Wednesday, January 9, 2019

Hacker History III: Professional Hardware Hacker

Following on from my C64 hacking days, but in parallel to my BBS Hacking, this final part looks at my early hardware hacking and creation of a new class of meteorological research radar...

Ever since that first C64 and through the x86 years, I’d been hacking away – mostly software; initially bypassing copy-protection, then game cracks and cheats, followed by security bypasses and basic exploit development.

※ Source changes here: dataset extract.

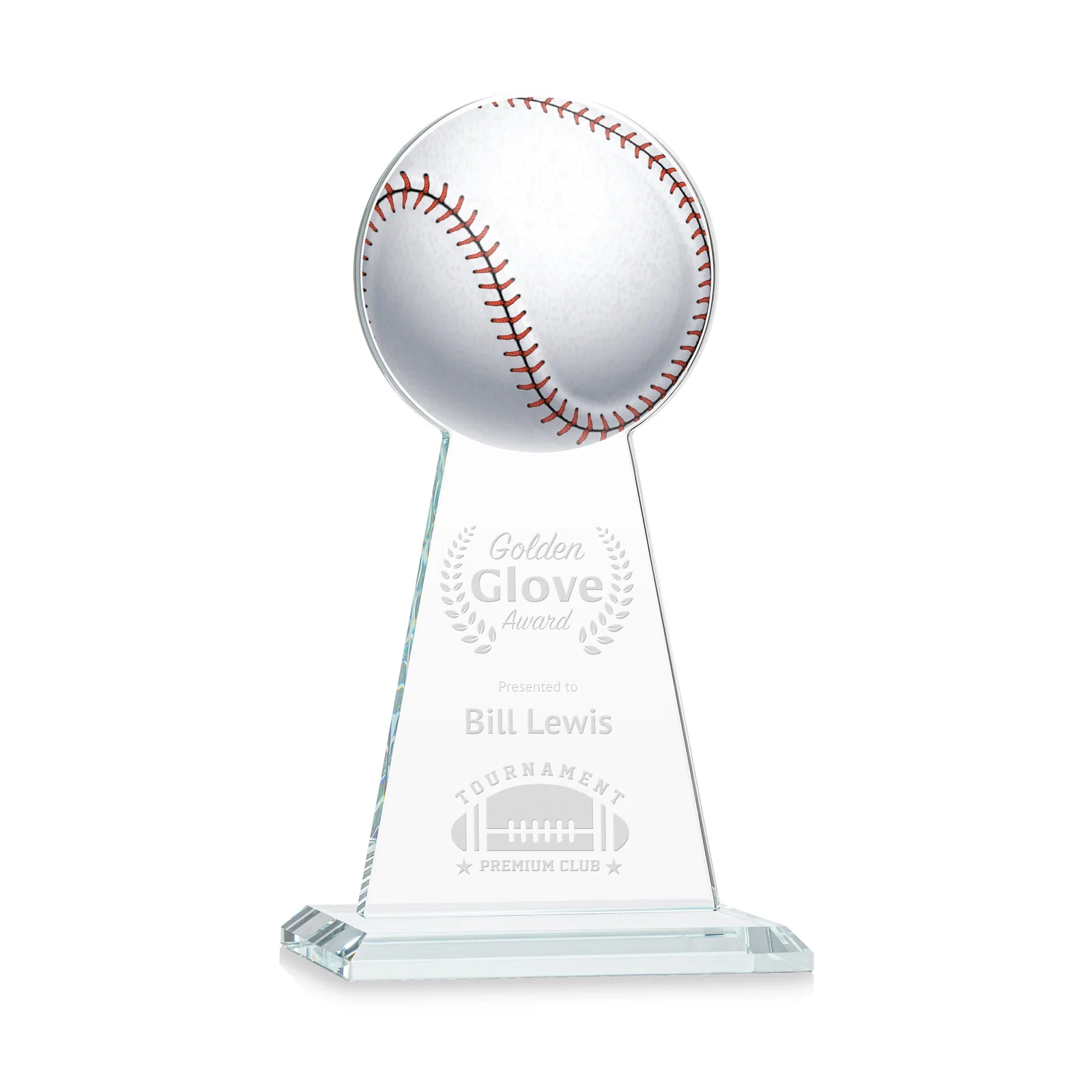 Custom Starfire Crystal Summit Award - Baseball for service anniversary gifts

Before bug bounty programs were invented in the 2010’s, as early as 1998 I used to say the best way to learn and practice hacking skills was to target porn sites. The “theory” being that they were constantly under attack, tended to have the best security (yes, even better than the banks) and, if you were ever caught, the probability of ever appearing in court and having to defend your actions in front of a jury was never going to happen - and the folks that ran and built the sites would be the first to tell you that.

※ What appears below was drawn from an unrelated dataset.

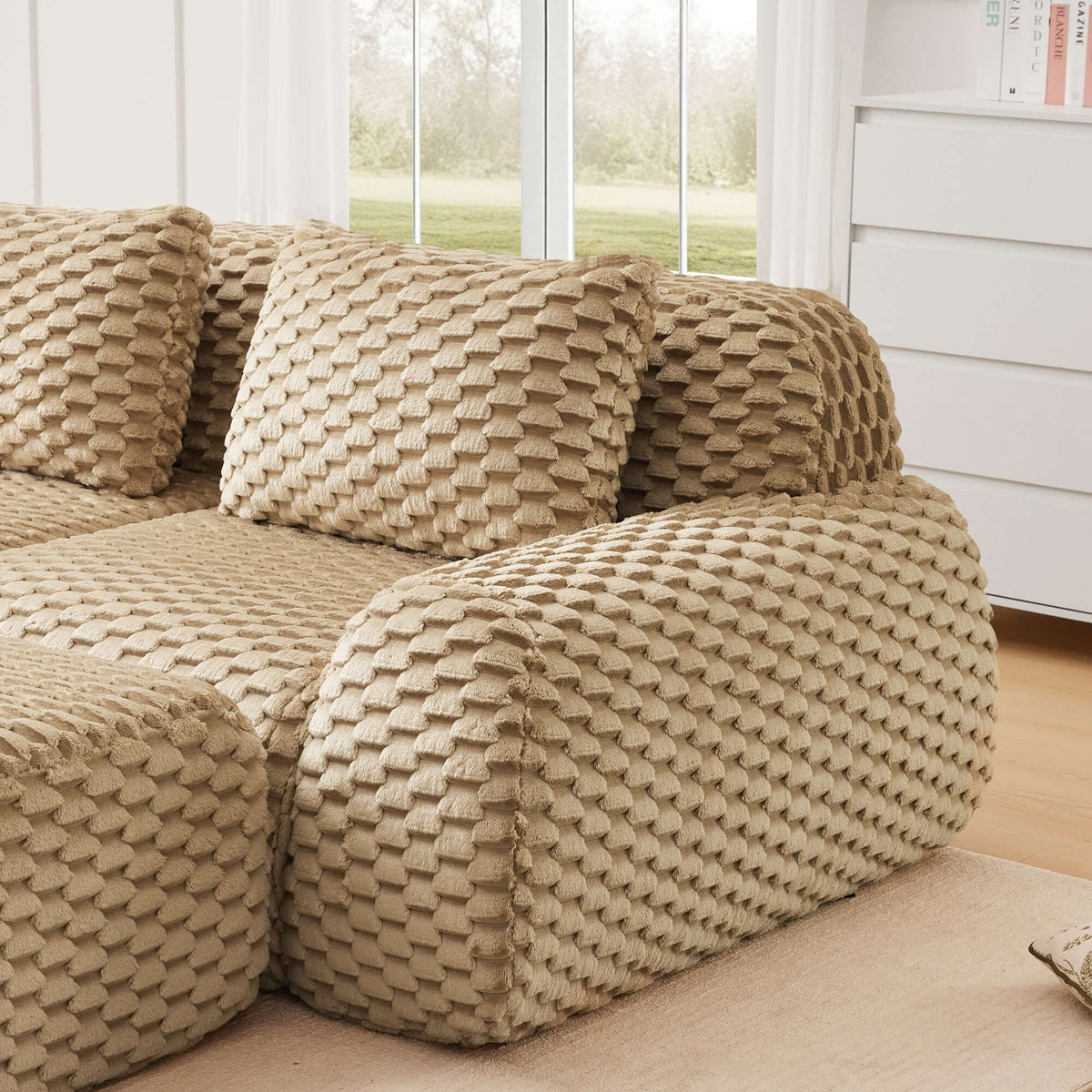 Modern Modular Flannelette Sofa – 82” Boneless Deep Seat Couch with soft textured fabric and deep seating.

In the mid-to-late 1980’s, following France’s 1985 bombing and sinking of the Rainbow Warrior in New Zealand, if you wanted to learn to hack and not worry about repercussions – any system related to the French Government was within scope. It was in that period that war-dialing and exploit development really took off and, in my opinion, the professional hacker was born – at least in New Zealand it was. Through 1989-1991 I had the opportunity to apply those acquired skills in meaningful ways – but those tales are best not ever written down.

Digital Radar

Easily the most fun hardware hacking I’ve ever done or been involved with ended up being the basis for my post-graduate research and thesis. My mixed hardware hacking and industrial control experience set me up for an extraordinary project as part of my post graduate research and eventual Masters in Atmospheric Physics.

I was extremely lucky:
  1. The first Mhz digitizer cards were only just hitting the market
  2. PC buses finally had enough speed to handle Mhz digitizer cards
  3. Mass storage devices (i.e. hard drives) were finally reaching an affordable capacity/price
  4. My supervisor was the Dean of Physics and had oversight of all departments “unused budgets”
  5. Digital radar had yet to be built

My initial mission was to build the world’s first digital high-resolution vertically pointing radar and to use it to prove or disprove the “Seeder-feeder mechanism of orographic rainfall”.

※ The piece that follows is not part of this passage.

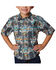 Image #1 - Roper Boys' Hawaiian Floral Print Short Sleeve Snap Western Shirt, Blue, hi-res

Taking a commercial analogue X-band marine radar and converting the 25 kilo-watt radar with a range of 50 miles and a resolution measured in tens-of meters, to a digital radar with an over-sampled resolution of 3.25 cm out to a range of 10km was the start of the challenge – but successfully delivered nevertheless. That first radar was mounted on the back of a 4x4 Toyota truck – which was great at getting to places no radar had been before. Pointing straight up was interesting – and served its purpose of capturing the Seeder-feeder mechanism in operation – but there was room for improvement.

Back at the (family) factory, flicking through pages of operation specification tables for electric motors (remember – pre-Internet/pre-Google) and harnessing the power of MS-DOS based AutoCAD, I spec'ed out and designed a mounting mechanism for making the radar scan the sky like a traditional meteorological radar – but one that could operate in winds of 80 mph winds, at high altitude, in the rain. Taking a leaf out of my father’s design book – it was massively over engineered ;-)

Home for many months - the mobile high resolution radar + attached caravan. Circa 1994.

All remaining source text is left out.